■ **Problem requirements**
Without including any images, output the listing below exactly.

■ **Recorded data**
*** Begin section ***
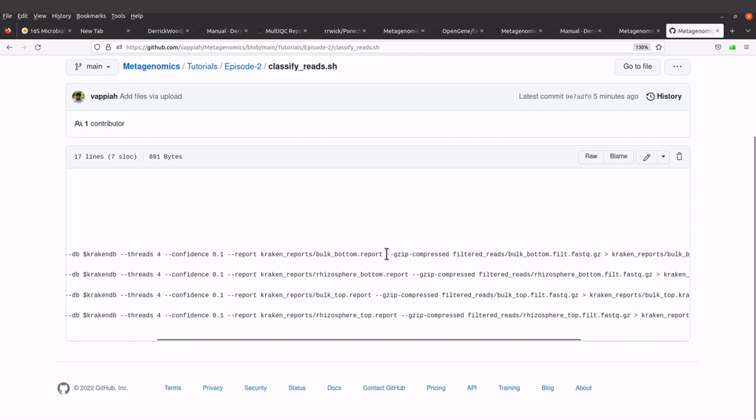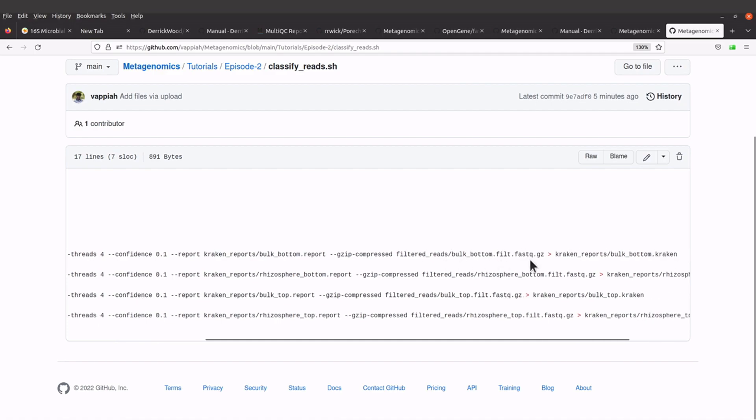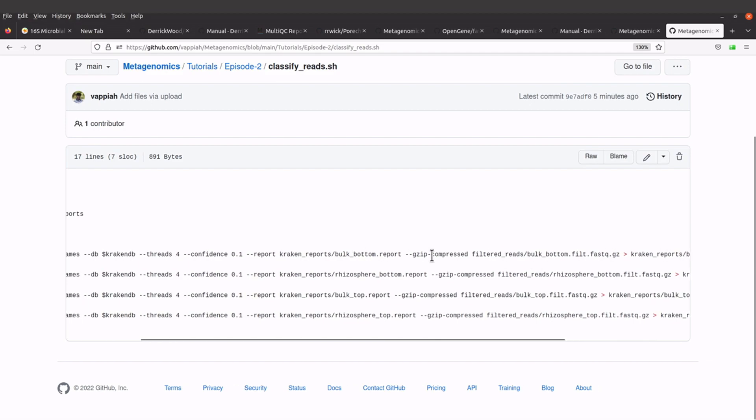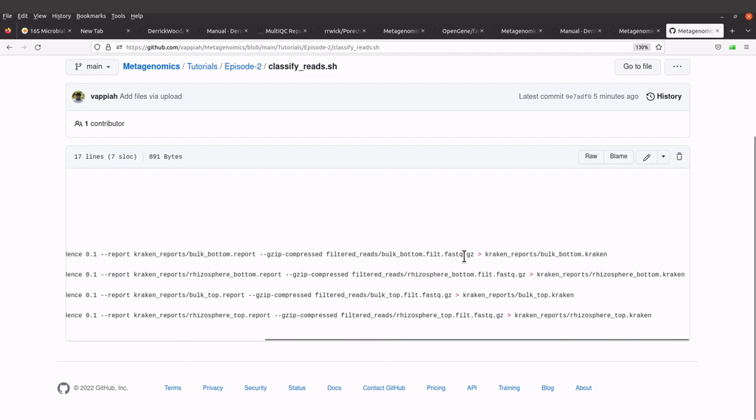We are using fastq.gz, which is compressed, so that's why we have this flag here. We save the output to the kraken_reports directory. For each file, we are going to generate two outputs: we have the reports and we also have this main file here.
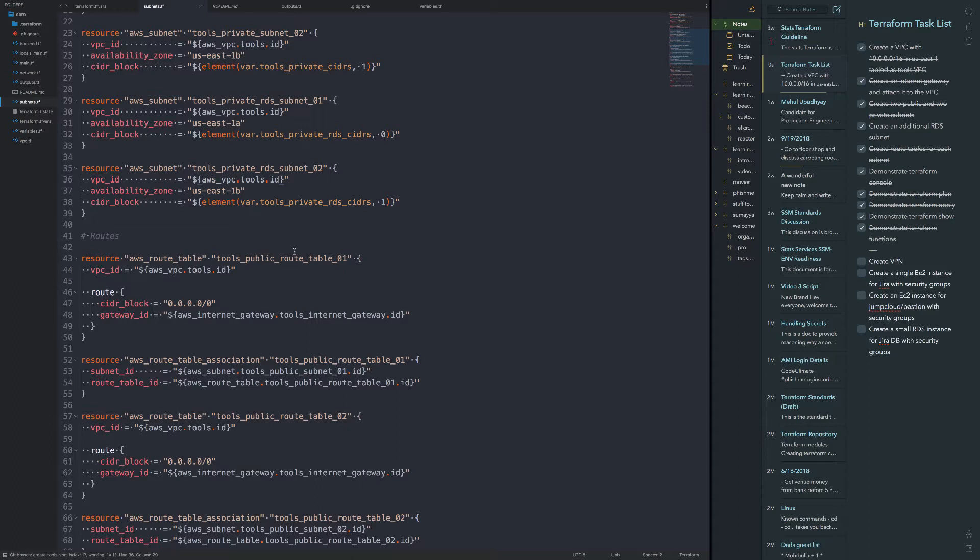Then for each application, I'll have application VPC. So I'll have application network Terraform project, and then I'll also have application EC2 instance or other resources other than network related resources for a repository for those as well. I hope that makes sense.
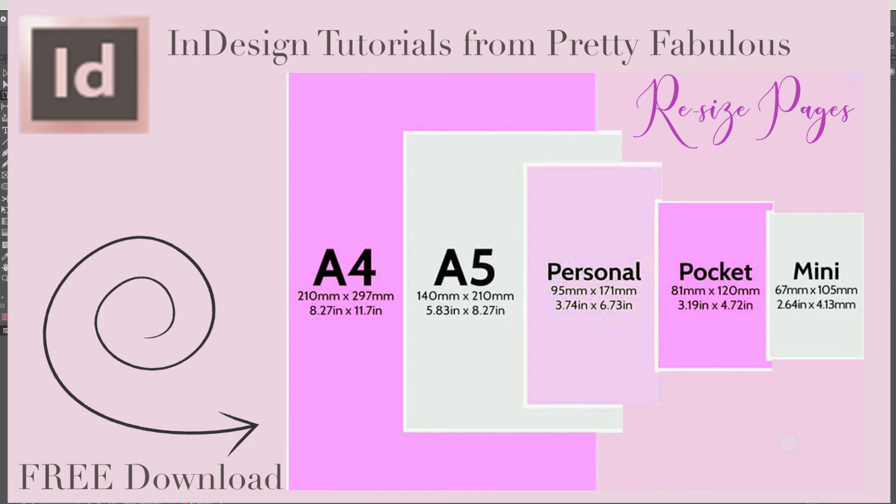Hi everyone, I'm Lisa from Pretty Fabulous and today I'm going to show you how to resize your planner pages.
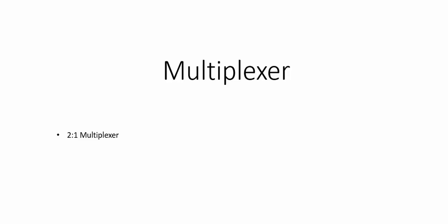Hello and welcome to the session on multiplexer. In this video we shall see what is a 2-to-1 multiplexer.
*** End section ***
■ **Written response**
We are using fastq.gz, which is compressed, so that's why we have this flag here. We save the output to the kraken_reports directory. For each file, we are going to generate two outputs: we have the reports and we also have this main file here.
Then for each application, I'll have application VPC. So I'll have application network Terraform project, and then I'll also have application EC2 instance or other resources other than network related resources for a repository for those as well. I hope that makes sense.
Hi everyone, I'm Lisa from Pretty Fabulous and today I'm going to show you how to resize your planner pages.
Hello and welcome to the session on multiplexer. In this video we shall see what is a 2-to-1 multiplexer.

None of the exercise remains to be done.